I’ve been looking into building a REST api using the Azure SDK for node (https://github.com/WindowsAzure/azure-sdk-for-node). I have a simple MessageTable in Azure tablestore – the PartitionKey is a device identifier (messages belong to a specific messaging device) and the RowKey is a number that identifies the message.

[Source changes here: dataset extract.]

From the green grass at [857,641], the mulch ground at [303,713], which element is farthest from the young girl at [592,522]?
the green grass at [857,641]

The problem is that the RowKey is a very big number which usually ends with a load of 9’s (it’s a ‘reverse-timestamp’), and the node-azure library is rounding this number up when data is returned. See example JSON response below:
{
"id":"http://xxx.table.core.windows.net/MessageTable(PartitionKey='12345',RowKey='2520801590159999999')",
"link":"MessageTable(PartitionKey='12345',RowKey='2520801590159999999')",
"updated":"2012-03-13T15:53:34Z",
"etag":"W/\"datetime'2011-11-24T13%3A36%3A41.9555578Z'\"",
"PartitionKey":12345,
"RowKey":2520801590160000000,
"Timestamp":"2011-11-24T13:36:41.955Z",
...other results removed for brevity
}
The “id” and “link” elements show the correct RowKey of 2520801590159999999; the “RowKey” element shows a rounded version of this: 2520801590160000000.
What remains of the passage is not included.